R e c h t s m i t t e l b e l e h r u n g

Gegen dieses Erkenntnis besteht innerhalb von sechs Wochen ab dem Tag der Zustellung die Möglichkeit der Erhebung einer Beschwerde beim Verfassungsgerichtshof und/oder einer außerordentlichen Revision beim Verwaltungsgerichtshof. Eine Beschwerde an den Verfassungsgerichtshof ist unmittelbar bei diesem einzubringen, eine Revision an den Verwaltungsgerichtshof beim Landesverwaltungsgericht Oberösterreich.
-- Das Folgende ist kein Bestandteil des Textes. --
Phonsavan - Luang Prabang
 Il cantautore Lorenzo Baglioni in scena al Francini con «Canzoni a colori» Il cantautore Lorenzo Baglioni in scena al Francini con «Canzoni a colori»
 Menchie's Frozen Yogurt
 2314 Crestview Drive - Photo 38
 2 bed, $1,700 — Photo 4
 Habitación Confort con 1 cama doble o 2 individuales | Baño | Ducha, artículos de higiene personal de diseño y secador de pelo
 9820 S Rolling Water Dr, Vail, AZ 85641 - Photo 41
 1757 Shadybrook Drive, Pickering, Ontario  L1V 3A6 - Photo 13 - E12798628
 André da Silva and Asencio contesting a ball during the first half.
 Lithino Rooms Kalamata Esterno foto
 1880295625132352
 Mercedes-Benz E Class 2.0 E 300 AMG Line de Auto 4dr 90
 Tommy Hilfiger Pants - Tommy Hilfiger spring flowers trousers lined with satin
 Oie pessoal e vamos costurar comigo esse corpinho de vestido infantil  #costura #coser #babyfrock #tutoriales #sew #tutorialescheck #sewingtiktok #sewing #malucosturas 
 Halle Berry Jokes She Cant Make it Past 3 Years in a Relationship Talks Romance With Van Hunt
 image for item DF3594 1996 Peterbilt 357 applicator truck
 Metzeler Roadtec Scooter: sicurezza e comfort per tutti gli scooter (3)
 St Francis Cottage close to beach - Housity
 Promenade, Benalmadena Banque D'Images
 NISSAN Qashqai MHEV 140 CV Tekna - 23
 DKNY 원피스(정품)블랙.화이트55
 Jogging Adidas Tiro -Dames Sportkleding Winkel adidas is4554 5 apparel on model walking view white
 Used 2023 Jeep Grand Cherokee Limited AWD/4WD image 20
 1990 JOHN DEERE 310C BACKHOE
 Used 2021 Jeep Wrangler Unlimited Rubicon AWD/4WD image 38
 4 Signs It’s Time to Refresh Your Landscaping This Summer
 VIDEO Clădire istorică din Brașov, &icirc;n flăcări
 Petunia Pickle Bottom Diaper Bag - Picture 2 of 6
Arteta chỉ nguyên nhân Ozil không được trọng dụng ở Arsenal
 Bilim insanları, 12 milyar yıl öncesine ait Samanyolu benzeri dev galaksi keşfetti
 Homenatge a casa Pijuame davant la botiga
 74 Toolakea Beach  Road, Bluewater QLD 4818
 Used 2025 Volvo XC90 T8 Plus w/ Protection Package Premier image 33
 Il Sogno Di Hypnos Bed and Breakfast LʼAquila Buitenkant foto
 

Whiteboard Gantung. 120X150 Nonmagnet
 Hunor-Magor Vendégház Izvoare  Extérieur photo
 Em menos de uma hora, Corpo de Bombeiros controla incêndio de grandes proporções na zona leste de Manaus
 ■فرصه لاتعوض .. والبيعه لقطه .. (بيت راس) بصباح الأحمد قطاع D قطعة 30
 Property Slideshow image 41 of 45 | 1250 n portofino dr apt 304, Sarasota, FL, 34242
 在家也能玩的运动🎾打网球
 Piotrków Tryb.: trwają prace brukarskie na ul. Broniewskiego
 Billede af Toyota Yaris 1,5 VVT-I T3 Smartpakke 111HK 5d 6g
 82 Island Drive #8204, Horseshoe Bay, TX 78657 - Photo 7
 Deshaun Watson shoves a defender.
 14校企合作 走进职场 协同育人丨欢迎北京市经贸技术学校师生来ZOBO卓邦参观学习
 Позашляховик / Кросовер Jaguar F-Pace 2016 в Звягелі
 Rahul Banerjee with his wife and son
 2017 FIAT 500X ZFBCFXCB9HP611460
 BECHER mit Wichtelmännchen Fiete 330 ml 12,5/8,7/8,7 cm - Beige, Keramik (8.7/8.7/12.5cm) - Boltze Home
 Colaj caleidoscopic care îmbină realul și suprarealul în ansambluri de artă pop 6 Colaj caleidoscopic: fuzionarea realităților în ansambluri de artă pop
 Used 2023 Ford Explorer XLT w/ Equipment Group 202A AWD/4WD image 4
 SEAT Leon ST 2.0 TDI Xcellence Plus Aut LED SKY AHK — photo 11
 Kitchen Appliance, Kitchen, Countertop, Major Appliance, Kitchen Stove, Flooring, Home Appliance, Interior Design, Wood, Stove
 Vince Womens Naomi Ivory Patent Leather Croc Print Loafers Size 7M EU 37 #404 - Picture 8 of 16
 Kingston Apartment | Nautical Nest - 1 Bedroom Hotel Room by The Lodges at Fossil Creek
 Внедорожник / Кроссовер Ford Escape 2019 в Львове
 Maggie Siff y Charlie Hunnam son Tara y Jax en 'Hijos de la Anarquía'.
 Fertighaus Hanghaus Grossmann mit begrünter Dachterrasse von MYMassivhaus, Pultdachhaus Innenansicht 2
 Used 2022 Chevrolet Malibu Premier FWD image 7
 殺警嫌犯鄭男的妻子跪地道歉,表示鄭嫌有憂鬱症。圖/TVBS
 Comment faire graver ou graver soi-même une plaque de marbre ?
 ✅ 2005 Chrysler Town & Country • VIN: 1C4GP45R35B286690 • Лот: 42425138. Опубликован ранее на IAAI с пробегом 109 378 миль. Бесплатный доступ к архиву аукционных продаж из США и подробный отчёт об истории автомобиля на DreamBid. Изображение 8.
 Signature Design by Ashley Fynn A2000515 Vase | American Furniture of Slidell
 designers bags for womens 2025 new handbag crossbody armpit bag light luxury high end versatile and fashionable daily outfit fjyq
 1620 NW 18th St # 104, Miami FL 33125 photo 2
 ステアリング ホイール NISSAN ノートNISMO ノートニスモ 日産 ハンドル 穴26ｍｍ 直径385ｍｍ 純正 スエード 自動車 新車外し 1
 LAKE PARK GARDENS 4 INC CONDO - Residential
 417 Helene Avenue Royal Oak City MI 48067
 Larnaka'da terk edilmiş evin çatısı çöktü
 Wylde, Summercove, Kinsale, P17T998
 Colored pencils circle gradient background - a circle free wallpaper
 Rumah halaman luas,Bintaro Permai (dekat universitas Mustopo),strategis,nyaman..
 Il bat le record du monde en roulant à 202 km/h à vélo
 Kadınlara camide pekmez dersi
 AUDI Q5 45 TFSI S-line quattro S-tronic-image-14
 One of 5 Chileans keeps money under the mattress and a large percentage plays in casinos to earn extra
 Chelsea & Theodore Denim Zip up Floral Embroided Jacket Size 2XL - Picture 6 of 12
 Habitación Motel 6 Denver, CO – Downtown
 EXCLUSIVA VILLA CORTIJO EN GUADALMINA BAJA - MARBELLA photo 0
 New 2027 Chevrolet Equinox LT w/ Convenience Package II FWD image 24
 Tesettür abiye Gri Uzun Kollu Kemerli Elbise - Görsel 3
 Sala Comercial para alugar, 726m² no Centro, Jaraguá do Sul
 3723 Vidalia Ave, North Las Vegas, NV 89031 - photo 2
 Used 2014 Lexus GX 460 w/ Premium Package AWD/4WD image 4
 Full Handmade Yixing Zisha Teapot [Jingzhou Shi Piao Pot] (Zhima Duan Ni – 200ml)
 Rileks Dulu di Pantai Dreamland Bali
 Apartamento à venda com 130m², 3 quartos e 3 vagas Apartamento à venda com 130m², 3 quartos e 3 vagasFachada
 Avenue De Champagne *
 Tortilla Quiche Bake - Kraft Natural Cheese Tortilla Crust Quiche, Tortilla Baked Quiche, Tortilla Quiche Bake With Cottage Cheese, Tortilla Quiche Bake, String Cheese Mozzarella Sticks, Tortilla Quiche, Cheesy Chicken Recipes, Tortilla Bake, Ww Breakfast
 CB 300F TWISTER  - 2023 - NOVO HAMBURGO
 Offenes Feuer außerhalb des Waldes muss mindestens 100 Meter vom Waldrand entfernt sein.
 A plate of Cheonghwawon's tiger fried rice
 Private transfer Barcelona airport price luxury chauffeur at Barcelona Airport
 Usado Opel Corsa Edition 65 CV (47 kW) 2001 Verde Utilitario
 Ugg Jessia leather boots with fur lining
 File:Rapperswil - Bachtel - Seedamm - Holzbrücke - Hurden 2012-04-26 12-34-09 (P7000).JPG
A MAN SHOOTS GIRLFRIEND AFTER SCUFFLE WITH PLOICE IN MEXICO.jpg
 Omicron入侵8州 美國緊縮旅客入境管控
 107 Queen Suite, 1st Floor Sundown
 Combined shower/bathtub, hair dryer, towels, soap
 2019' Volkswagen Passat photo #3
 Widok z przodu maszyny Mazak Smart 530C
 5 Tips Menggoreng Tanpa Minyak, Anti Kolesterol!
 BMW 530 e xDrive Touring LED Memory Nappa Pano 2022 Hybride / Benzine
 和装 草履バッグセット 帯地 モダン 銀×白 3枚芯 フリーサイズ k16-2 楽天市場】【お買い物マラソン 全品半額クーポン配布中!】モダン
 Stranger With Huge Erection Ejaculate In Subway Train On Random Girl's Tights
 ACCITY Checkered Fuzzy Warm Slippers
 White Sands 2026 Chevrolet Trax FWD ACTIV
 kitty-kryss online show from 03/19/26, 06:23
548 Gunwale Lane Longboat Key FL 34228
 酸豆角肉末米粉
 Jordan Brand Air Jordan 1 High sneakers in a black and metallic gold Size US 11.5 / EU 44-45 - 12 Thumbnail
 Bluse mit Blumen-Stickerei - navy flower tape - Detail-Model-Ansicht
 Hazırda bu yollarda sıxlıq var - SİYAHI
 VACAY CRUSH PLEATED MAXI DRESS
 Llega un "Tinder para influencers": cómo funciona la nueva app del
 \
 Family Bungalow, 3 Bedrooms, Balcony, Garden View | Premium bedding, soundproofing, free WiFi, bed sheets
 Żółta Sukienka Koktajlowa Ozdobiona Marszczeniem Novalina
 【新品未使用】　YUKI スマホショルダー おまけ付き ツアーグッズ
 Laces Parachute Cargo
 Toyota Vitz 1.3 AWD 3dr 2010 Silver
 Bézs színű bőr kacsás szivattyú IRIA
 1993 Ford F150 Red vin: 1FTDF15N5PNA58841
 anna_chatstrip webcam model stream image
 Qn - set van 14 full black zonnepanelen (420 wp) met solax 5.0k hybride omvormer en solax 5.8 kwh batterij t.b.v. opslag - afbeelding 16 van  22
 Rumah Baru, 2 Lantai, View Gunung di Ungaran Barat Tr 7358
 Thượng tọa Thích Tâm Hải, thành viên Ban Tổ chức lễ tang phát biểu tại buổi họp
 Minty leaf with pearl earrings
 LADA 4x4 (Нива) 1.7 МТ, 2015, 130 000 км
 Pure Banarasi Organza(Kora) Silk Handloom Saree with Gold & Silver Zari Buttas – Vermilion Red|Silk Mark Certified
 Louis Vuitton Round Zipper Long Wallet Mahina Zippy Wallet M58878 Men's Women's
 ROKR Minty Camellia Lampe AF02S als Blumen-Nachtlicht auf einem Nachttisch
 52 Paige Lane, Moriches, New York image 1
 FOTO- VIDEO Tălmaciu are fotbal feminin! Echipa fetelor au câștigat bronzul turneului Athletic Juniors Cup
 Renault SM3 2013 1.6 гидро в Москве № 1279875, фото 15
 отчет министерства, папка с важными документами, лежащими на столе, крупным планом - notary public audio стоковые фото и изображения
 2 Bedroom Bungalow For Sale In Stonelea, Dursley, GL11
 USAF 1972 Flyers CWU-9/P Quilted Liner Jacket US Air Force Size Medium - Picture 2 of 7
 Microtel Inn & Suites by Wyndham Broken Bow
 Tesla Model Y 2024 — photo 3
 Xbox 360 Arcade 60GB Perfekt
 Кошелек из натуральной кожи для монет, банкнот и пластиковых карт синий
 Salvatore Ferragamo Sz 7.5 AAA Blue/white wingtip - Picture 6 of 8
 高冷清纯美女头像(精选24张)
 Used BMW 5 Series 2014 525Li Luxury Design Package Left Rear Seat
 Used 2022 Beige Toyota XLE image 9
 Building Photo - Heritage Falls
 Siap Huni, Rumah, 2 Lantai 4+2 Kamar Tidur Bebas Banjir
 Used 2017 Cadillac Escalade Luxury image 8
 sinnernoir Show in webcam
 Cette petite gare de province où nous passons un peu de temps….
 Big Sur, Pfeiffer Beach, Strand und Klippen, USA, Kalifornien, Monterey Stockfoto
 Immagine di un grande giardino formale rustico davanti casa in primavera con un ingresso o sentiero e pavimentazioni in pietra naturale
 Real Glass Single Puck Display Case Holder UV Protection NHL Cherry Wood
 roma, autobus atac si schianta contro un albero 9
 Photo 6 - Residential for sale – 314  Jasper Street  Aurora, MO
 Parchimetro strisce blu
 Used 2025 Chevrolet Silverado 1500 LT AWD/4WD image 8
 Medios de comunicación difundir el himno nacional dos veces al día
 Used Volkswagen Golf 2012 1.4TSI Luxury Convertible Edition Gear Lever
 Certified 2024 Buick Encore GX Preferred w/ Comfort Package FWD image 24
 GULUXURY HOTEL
Die Abfassung und die Einbringung einer Beschwerde bzw. einer Revision müssen durch einen bevollmächtigten Rechtsanwalt bzw. eine bevollmächtigte Rechtsanwältin erfolgen. Für die Beschwerde bzw. Revision ist eine Eingabegebühr von je 240.- Euro zu entrichten.

H i n w e i s

Anträge auf Bewilligung der Verfahrenshilfe zur Abfassung und Einbringung einer außerordentlichen Revision sind unmittelbar beim Verwaltungsgerichtshof einzubringen.